Controversies can be wonderfully clarified when people follow the logic of illogical premises to perverse conclusions. For example, two academics recently wrote in the British Journal of Medical Ethics that “after-birth abortions” — killing newborn babies — are matters of moral indifference because newborns, like fetuses, “do not have the same moral status as actual persons” and “the fact that both are potential persons is morally irrelevant.” So killing them “should be permissible in all the cases where abortion is, including cases where the newborn is not disabled.” This helpfully validates the right-to-life contention that the pro-abortion argument, which already defends third-trimester abortions, contains no standard for why the killing should be stopped by arbitrarily assigning moral significance to the moment of birth.
Now comes Rep. Jim McGovern (D-Mass.) with a comparable contribution to another debate, the one concerning government regulation of political speech. Joined by House Minority Leader Nancy Pelosi (D-Calif.), 26 other Democrats and one Republican, he proposes a constitutional amendment to radically contract First Amendment protections. His purpose is to vastly expand government’s power — i.e., the power of incumbent legislators — to write laws regulating, rationing or even proscribing speech in elections that determine the composition of the legislature and the rest of the government.

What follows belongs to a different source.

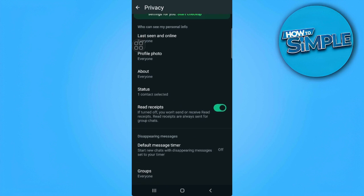So as you can read from here, if turned off, you won't send or receive read receipts. Read receipts are always sent for group chats. So in other words, with this setting, the sender of the messages won't be able to know if you have seen their message.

McGovern’s proposal vindicates those who say that most campaign-finance “reforms” are incompatible with the First Amendment.
His “People’s Rights Amendment” declares that the Constitution protects only the rights of “natural persons,” not such persons organized in corporations, and that Congress can impose on corporations whatever restrictions Congress deems “reasonable.” His amendment says that it shall not be construed “to limit the people’s rights of freedom of speech, freedom of the press, free exercise of religion, freedom of association and all such other rights of the people, which rights are inalienable.” But the amendment is explicitly designed to deny such rights to natural persons who, exercising their First Amendment right to freedom of association, come together in corporate entities to speak in concert.